TheWrap Emmy magazine: The prolific showrunner still regrets all those exposed breasts on her show “Dream On” in the early days of HBO

Marta Kauffman
Marta Kauffman, far left, on the set of "Grace and Frankie" / Netflix

This story about Marta Kauffman first appeared in The Race Begins issue of TheWrap’s Emmy magazine.

Marta Kauffman has been in the business — and around the block — enough to know how to get things done. So when she says it’s time to “demand respect,” we respect that demand.

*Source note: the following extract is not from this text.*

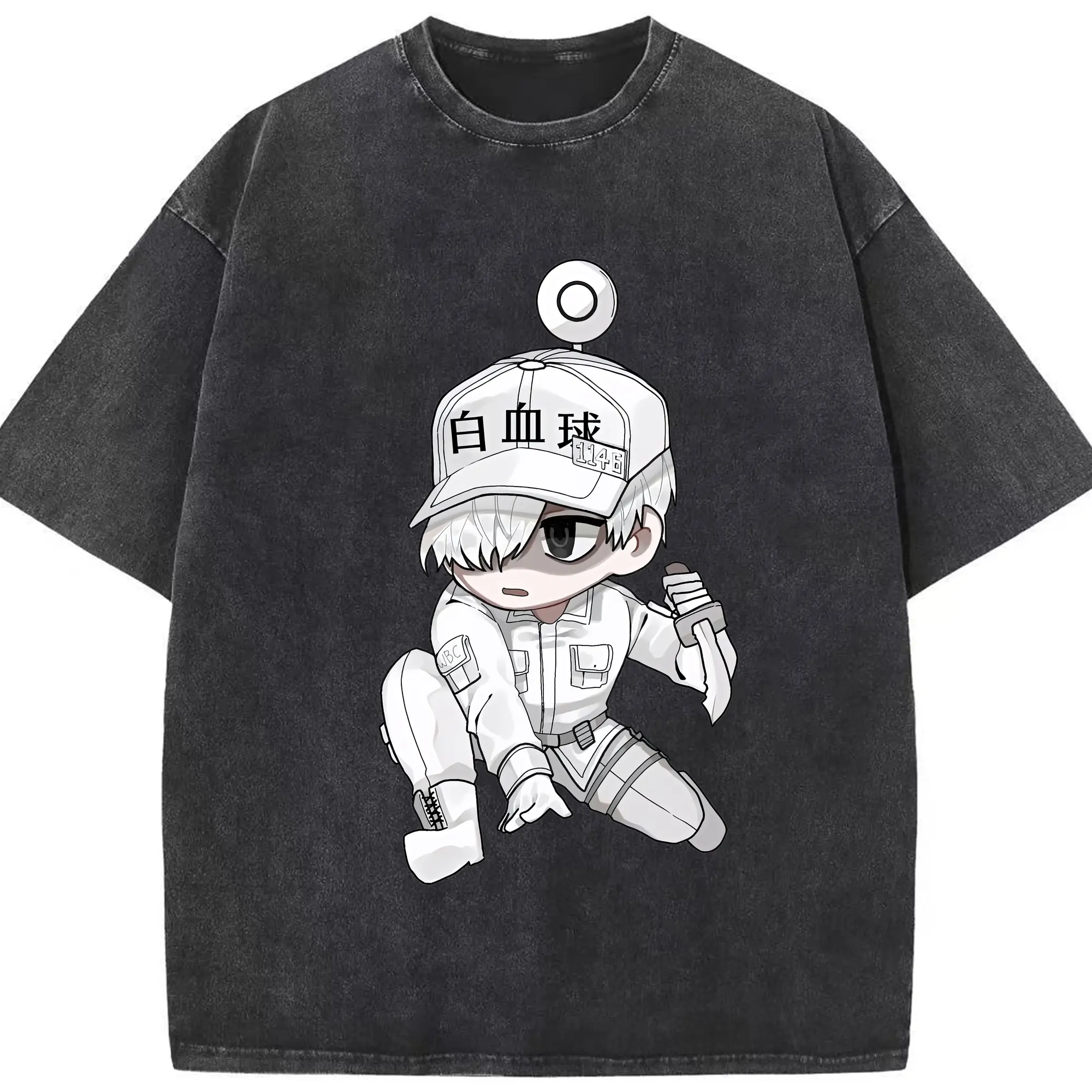 はたらく細胞 グッズ,白血球 - 綿100％ ヴィンテージ風 半袖Tシャツ ・ フロントプリント ・ 柔らか肌触り ・ 通気性 快適 ・ スポーツ カジュアル 外出用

“It is not going to be handed to us by many of the men in power. Not all, but many,” said Kauffman, who has been a prolific figure in Hollywood since the early 1990s, creating wildly popular shows like “Dream On,” “Friends” and most recently the Netflix comedy “Grace and Frankie,” about two women (Jane Fonda and Lily Tomlin) who don’t particularly like each other but are unexpectedly thrown together after their husbands announce they are in love and getting married.

It’s a timely storyline from a showrunner who encourages women to “be noisy.”

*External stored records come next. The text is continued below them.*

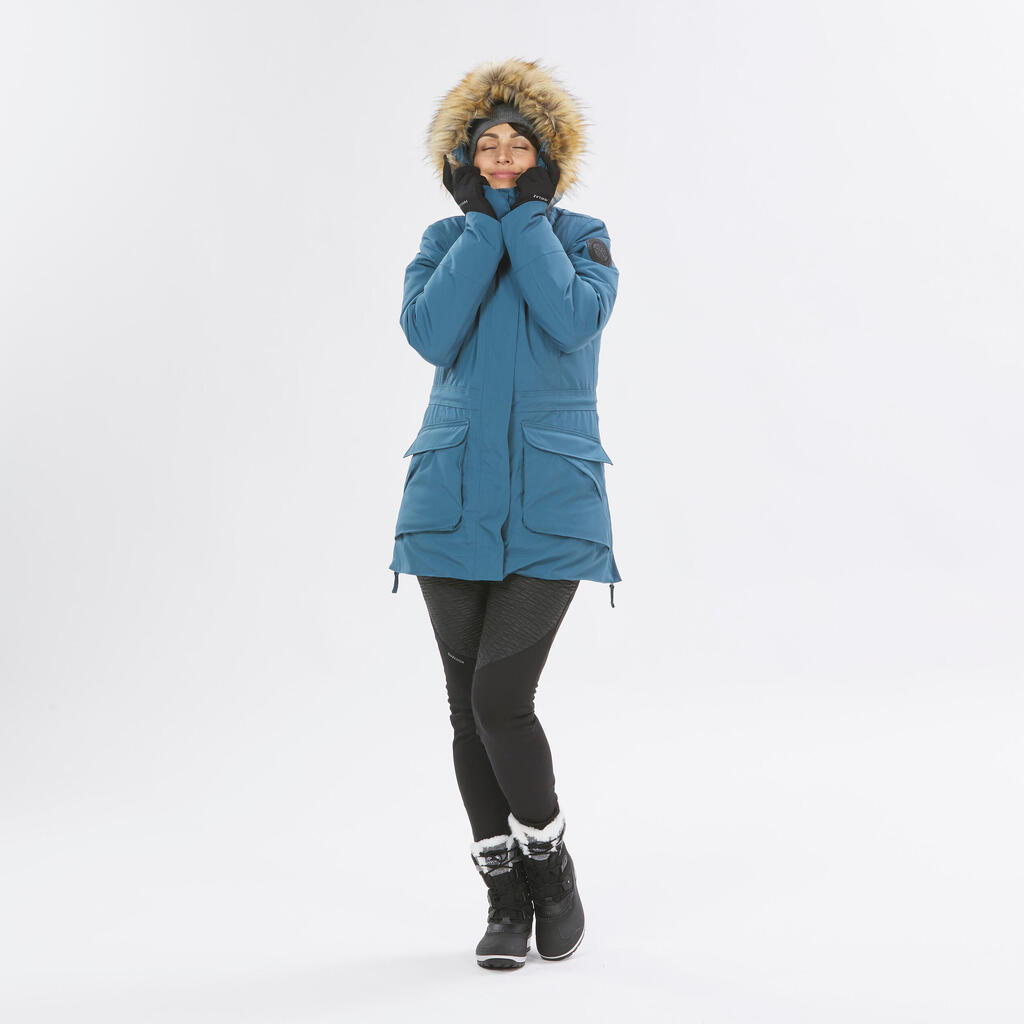 Winterjacke Parka Damen bis -20 °C wasserdicht Winterwandern - SH900 grün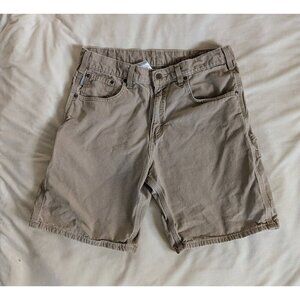 Carhartt Shorts Mens 34 Carpenter Workwear Tan Canvas Cargo Outdoor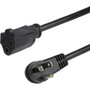 StarTech.com Flat Extension Cord - NEMA 5-15R to NEMA Right-Angle 5-15P - 3 ft. - For Computer, Television, Lamp, Server, Printer - 125 V AC / 13 A - Black Product Image 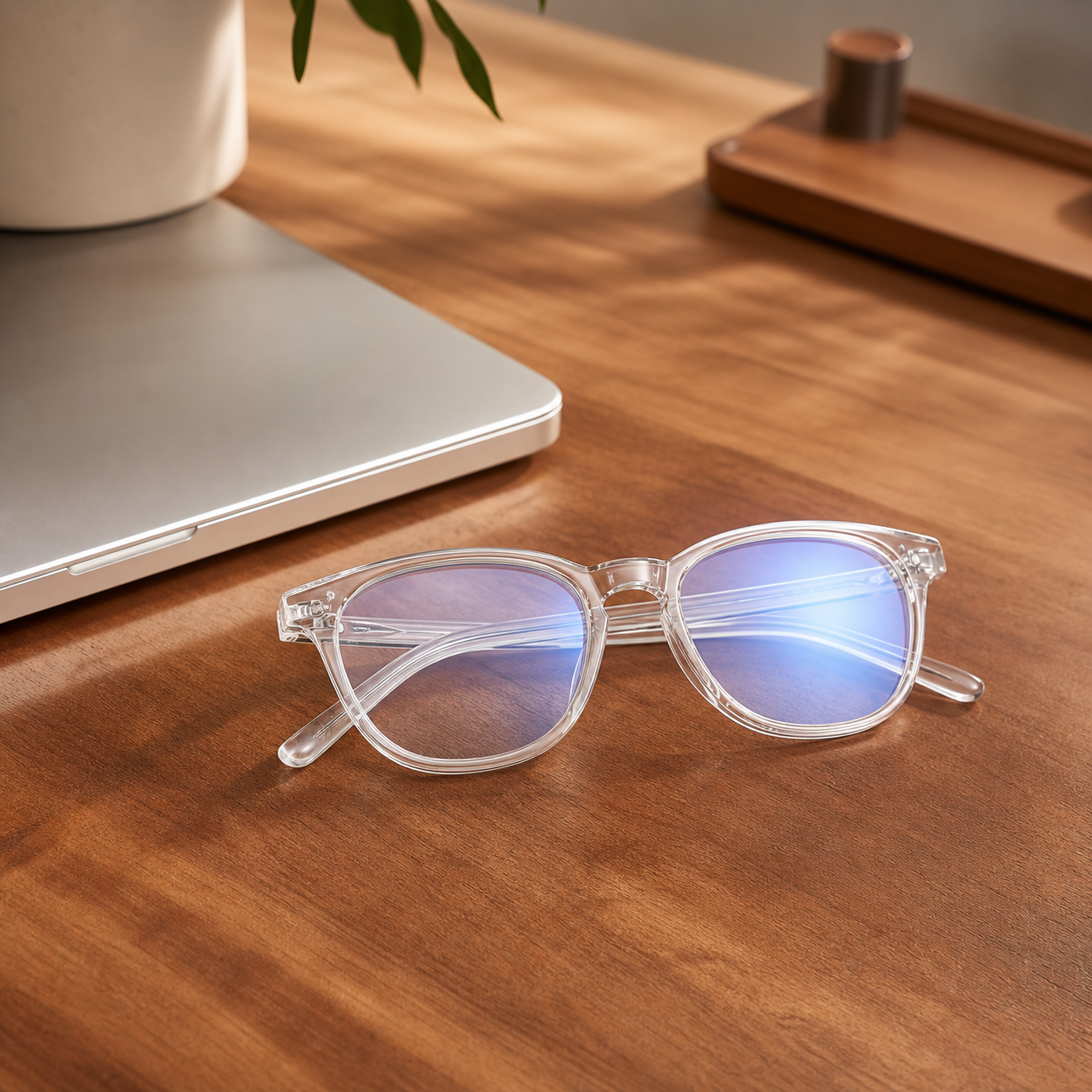 Clear-frame blue light glasses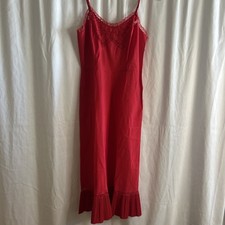 Barbizon Red Taffeta Satin Little Miss Size 9 Slip  Irregular  See Measurements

“We wanted to do a story about women of a certain age and all the things — the true things — that go along with that,” she said. “Sexuality and health and children worrying about you, and all the stuff that goes along with being in your late 70s.”

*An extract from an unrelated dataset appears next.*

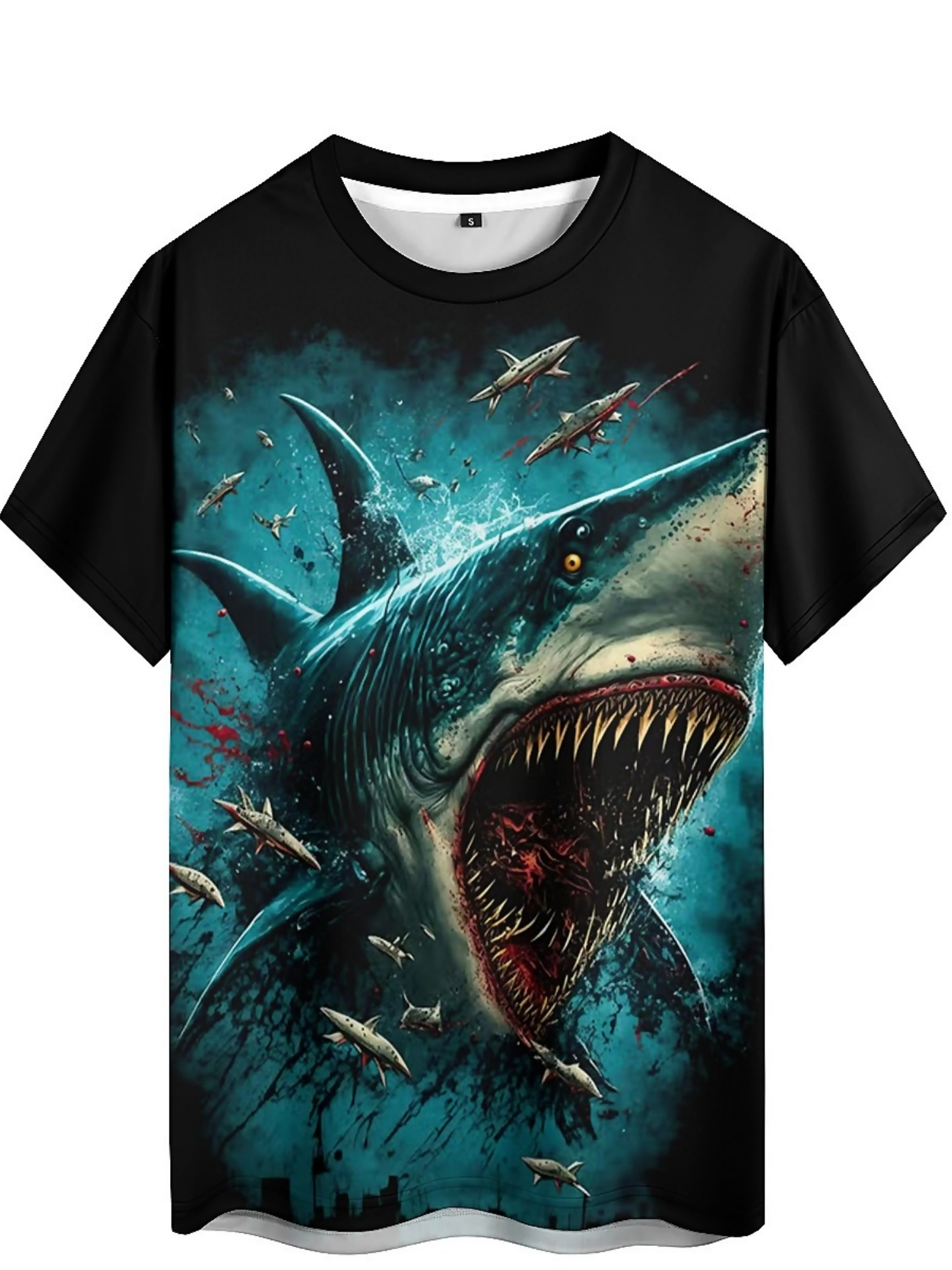 Men's 3D Shark Print T-Shirt - - 3D Printing Designing recensie en prijs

Being “noisy,” admits Kauffman, is “easier said than done.” There were points in her own career, she added, when she wishes she had spoken up more. “There were moments I was very uncomfortable with in ‘Dream On,’” she said of the early ’90s HBO sitcom widely remembered for its envelope-pushing use of foul language and nudity.

“One of the things with HBO back then was you got to put stuff on that you couldn’t do on TV,” she said. “And honestly, with what you could do on network TV at the time, language and breasts were the thing. I can’t say I’m proud of the breast part.”

But by the time she was working on “Friends,” she felt confident and secure enough to stand up for herself — she once sent a basket full of tampons and pantyhose to a male executive at NBC who made judgments about “Friends” character Monica (Courtney Cox-Arquette) for sleeping with a guy on the first date. “To help him get in touch with his feminine side,” she said.

Telling more female-driven stories is a step toward helping rewire our conversations, Kauffman said. “TV is ahead of film, but not enough for me to get excited yet,” she added. “I want to see more stories from a female perspective.”